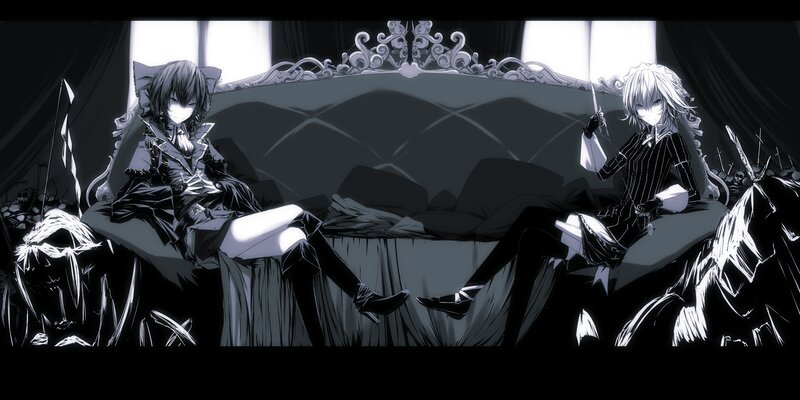 Two Anime Characters on a Couch — Black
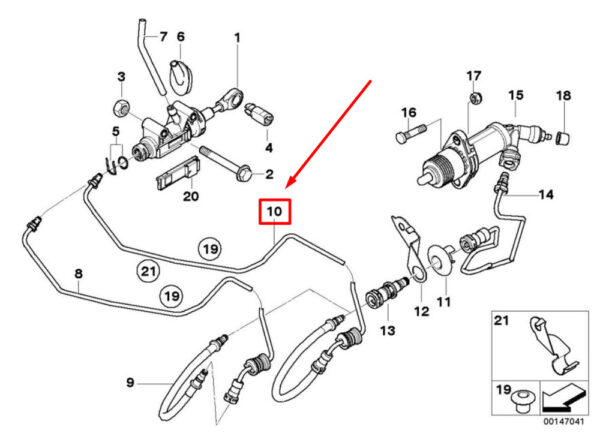 21526864475 - BMW 1 COUPE E82 CLUTCH CABLE LINE 6864475 21526864475 NEW GENUINE
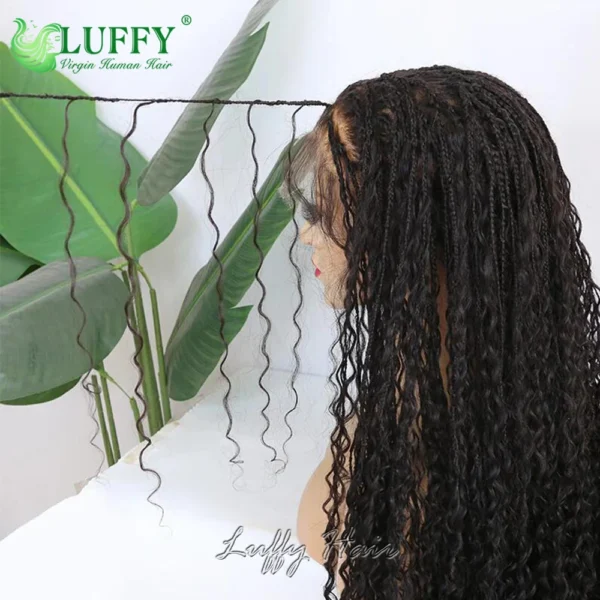 Human Hair Braided HD Full Lace Wigs Knotless Box Boho Braids Full Lace Braided Wig Pre Plucked with Baby Hair Curly End 300% - Image 4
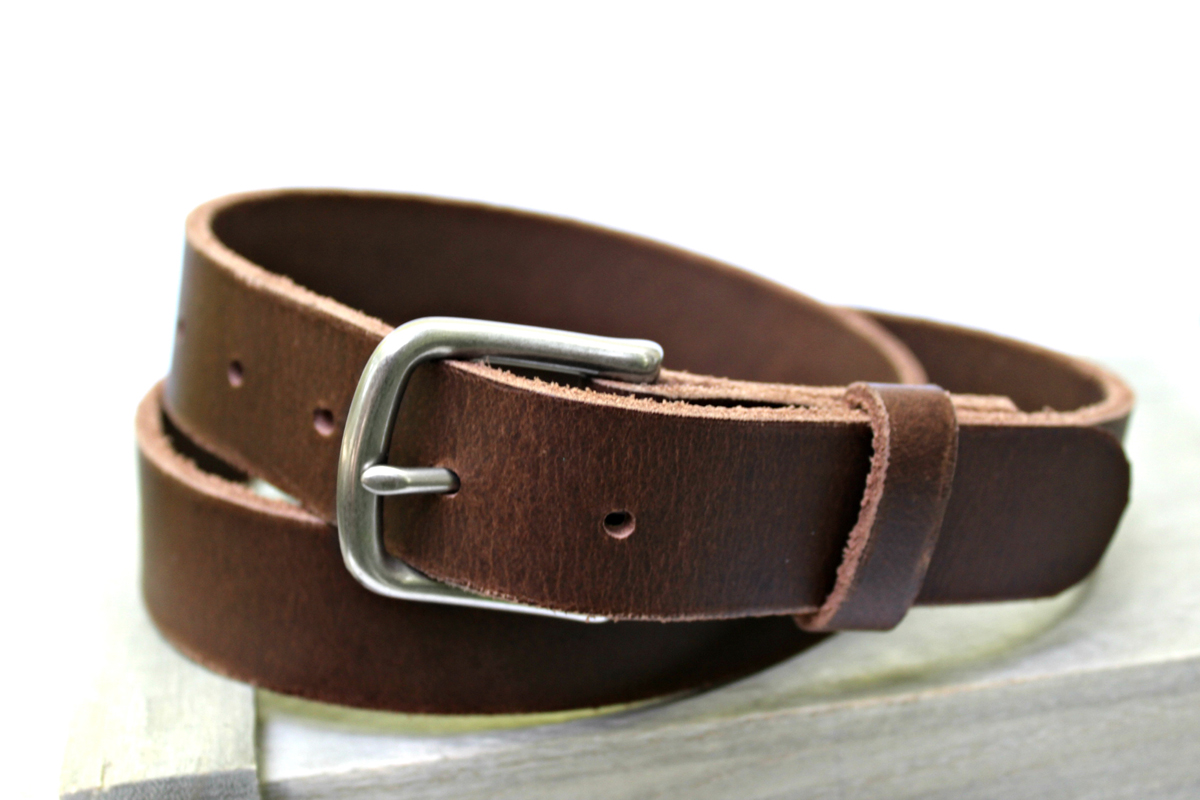 Men’s Heavy Duty Distressed Buffalo Brown Leather Belt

# # #

The output must match, line for line, the span from the line containing "21526864475 - BMW" through the end of the data, with the pictures removed.

Solution to the problem
 21526864475 - BMW 1 COUPE E82 CLUTCH CABLE LINE 6864475 21526864475 NEW GENUINE
 Human Hair Braided HD Full Lace Wigs Knotless Box Boho Braids Full Lace Braided Wig Pre Plucked with Baby Hair Curly End 300% - Image 4
 Men’s Heavy Duty Distressed Buffalo Brown Leather Belt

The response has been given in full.